§ PROBLEM DETAILS
The reply must contain exactly the lines below from the one with "A pink boxspring" down to the one with "Hook, 10 Pack", both included, and nothing more; please omit the pictures.

§ EXERCISE DATA
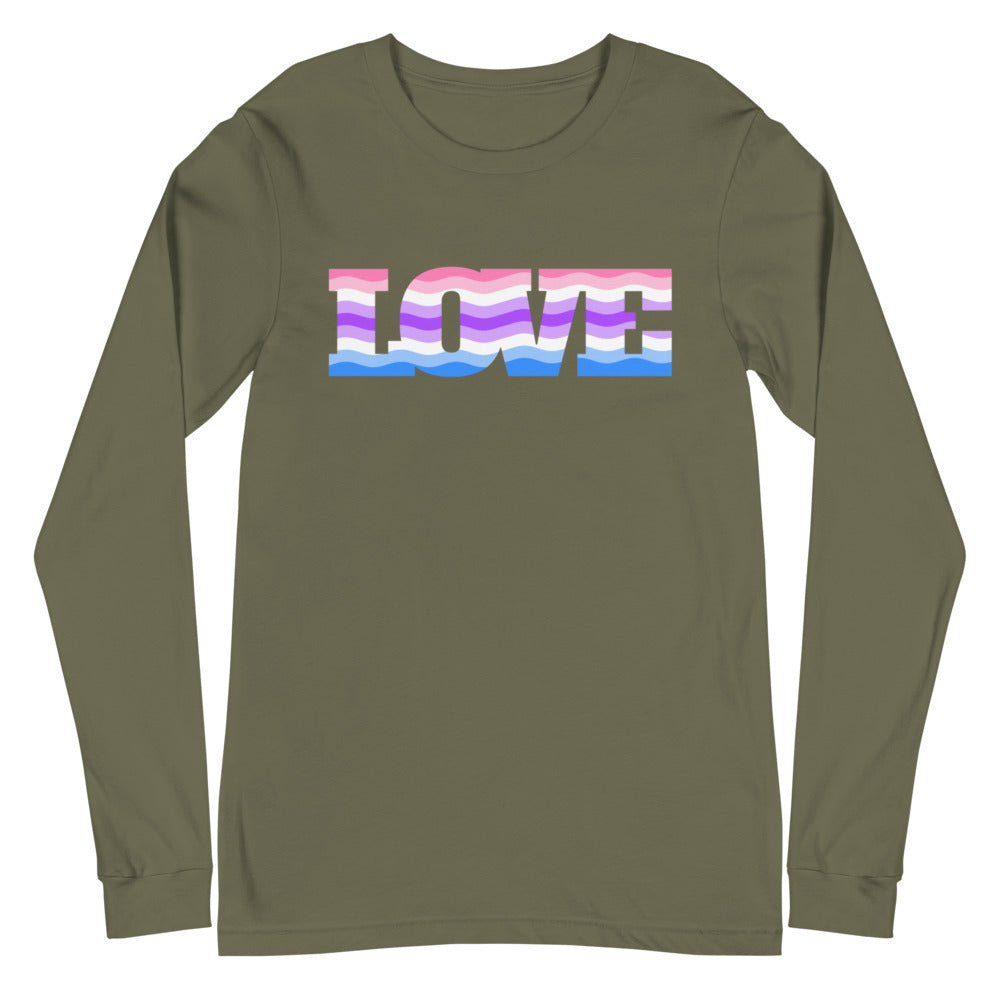 Olive green long-sleeve shirt with “LOVE” in pink, white, purple, and blue stripes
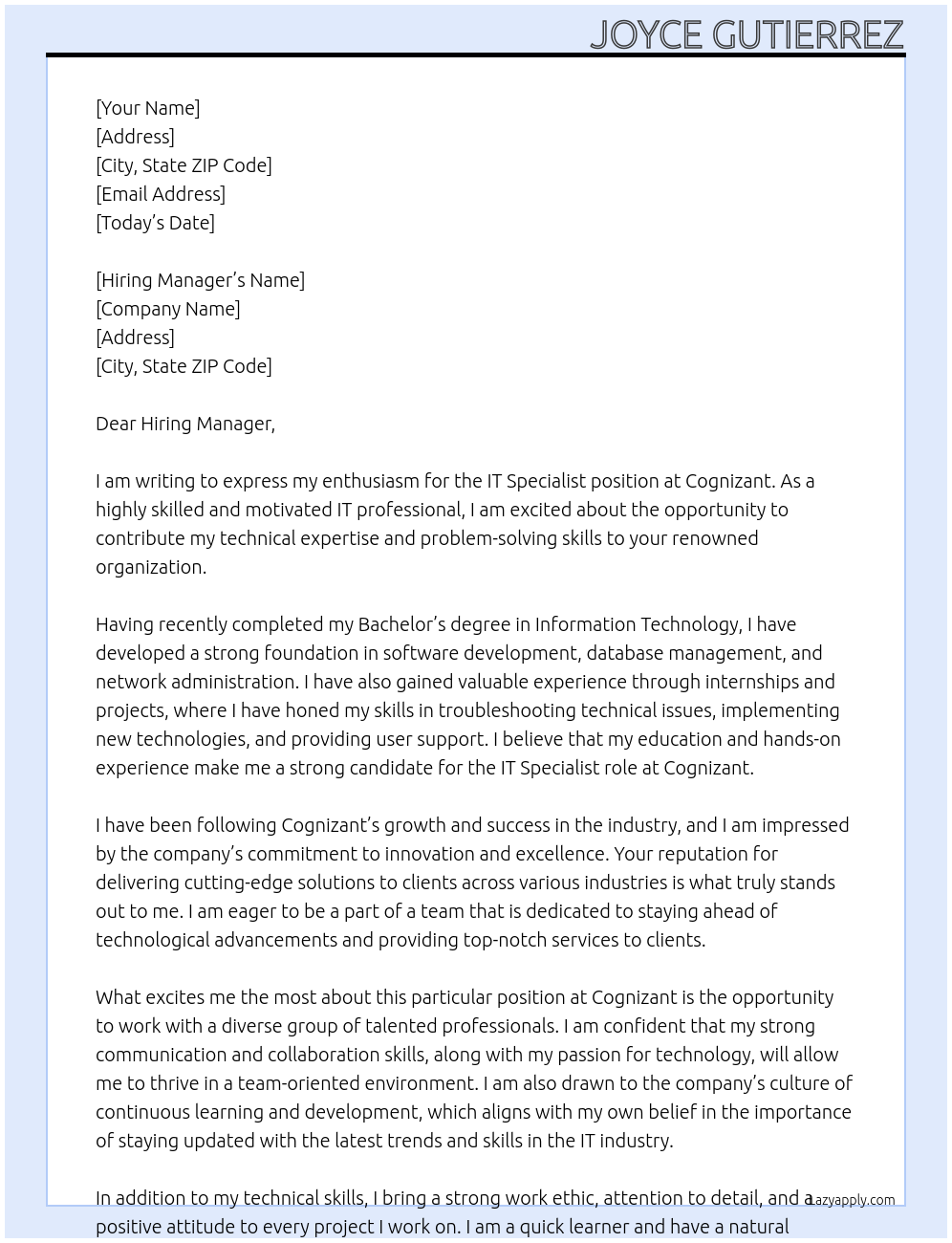 IT Specialist At Cognizant Cover Letter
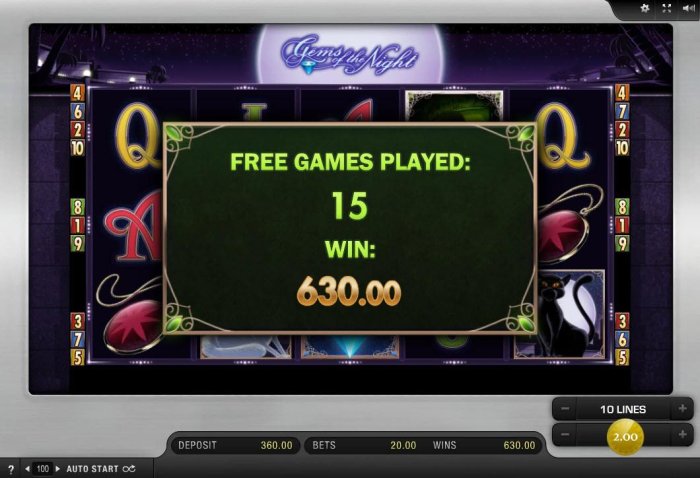After playing 15 free games, total payout 630.00. - All Online Pokies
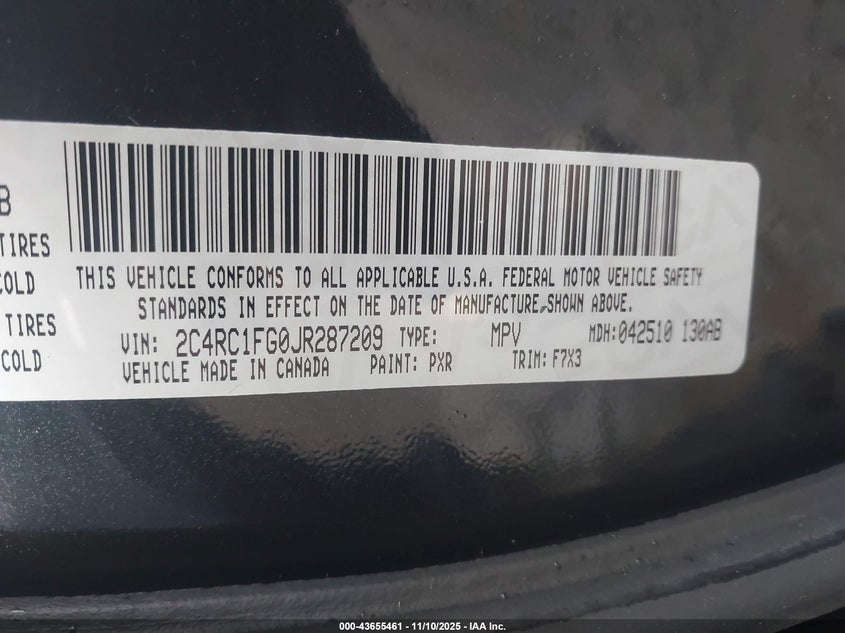 2018 Chrysler Pacifica Touring Plus VIN: 2C4RC1FG0JR287209 Lot: 43655461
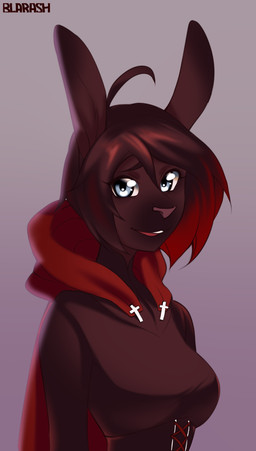 anthro blue_eyes breasts brown_body brown_fur clothed clothing coat cross female fur pointy_hair red_clothing red_coat red_topwear smile solo topwear blackrabbitshone rooster_teeth rwby ruby_rose lagomorph leporid mammal rabbit absurd_res hi_res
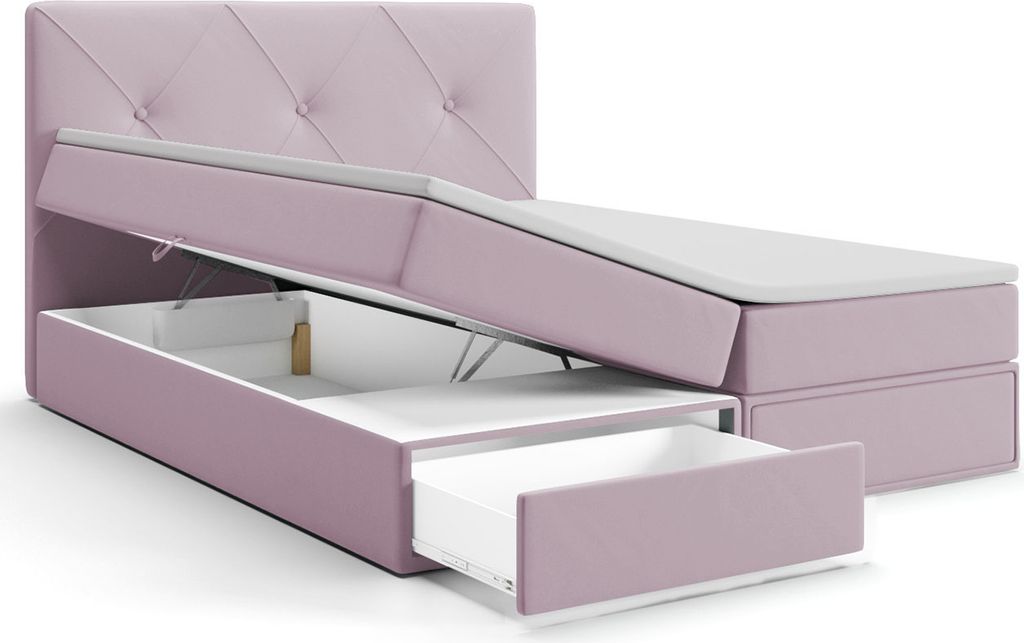 A pink boxspring bed with its storage drawers and lift-up mattress base open, revealing the storage space inside. The bed is shown from a slightly elevated side angle against a white background.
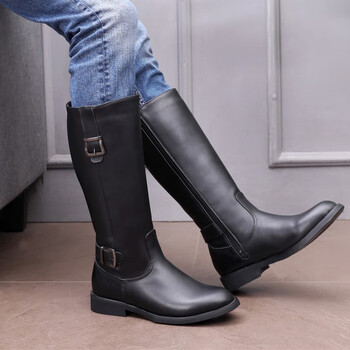 男士羊毛靴子长筒牛皮马靴单摩托骑士高筒靴男马丁靴黑色38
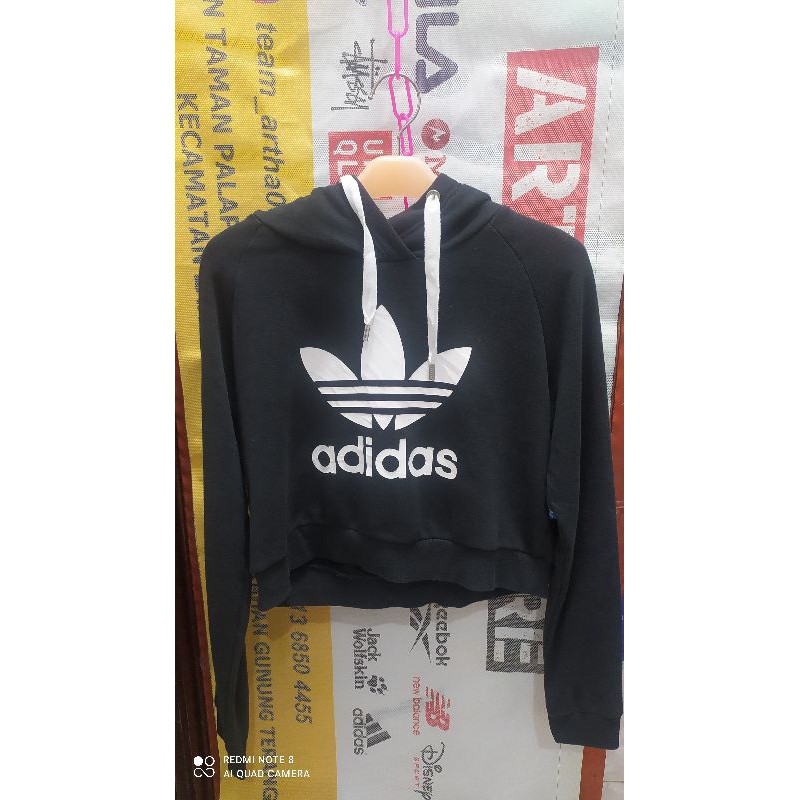 Jaket Hoodie Adidas Crop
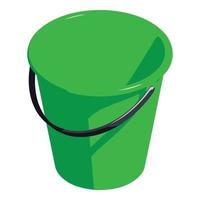 Bucket cleaner icon, isometric style vector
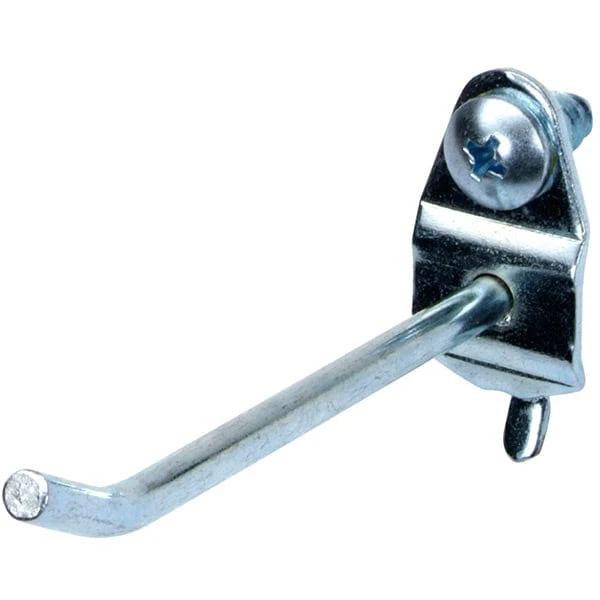 DuraHook 2 1/2" Single Rod, 30 Degree Pegboard Hook, 10 Pack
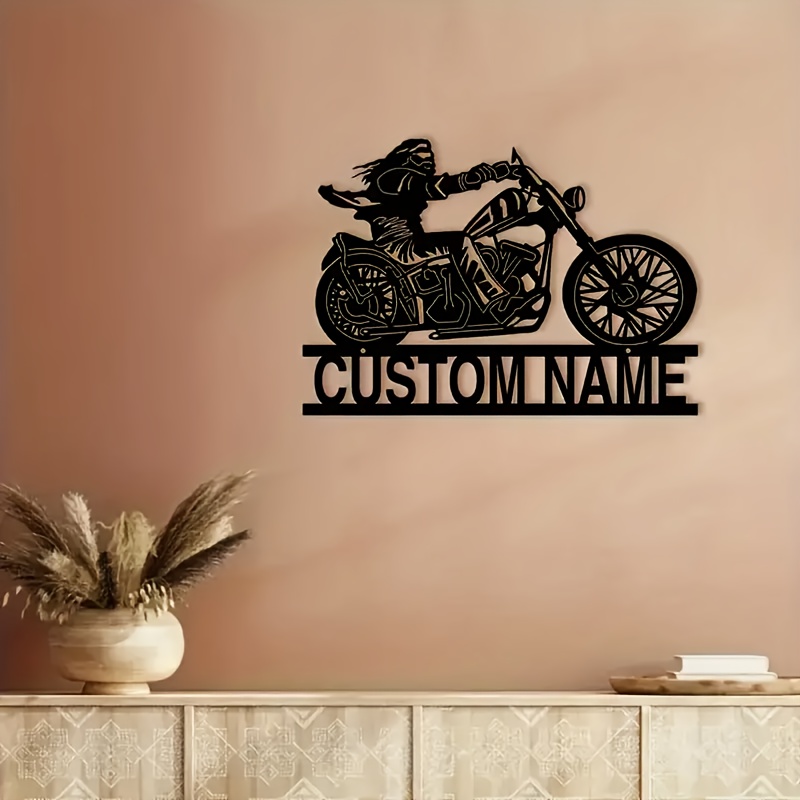 

Customizable Motorcycle Metal Wall Decor - Personalized Name Feature For Living Room, Bedroom, Office, Outdoor - Bohemian Style, No Power Needed, Perfect Housewarming Gift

§ EXPECTED OUTPUT
 A pink boxspring bed with its storage drawers and lift-up mattress base open, revealing the storage space inside. The bed is shown from a slightly elevated side angle against a white background.
 男士羊毛靴子长筒牛皮马靴单摩托骑士高筒靴男马丁靴黑色38
 Jaket Hoodie Adidas Crop
 Bucket cleaner icon, isometric style vector
 DuraHook 2 1/2" Single Rod, 30 Degree Pegboard Hook, 10 Pack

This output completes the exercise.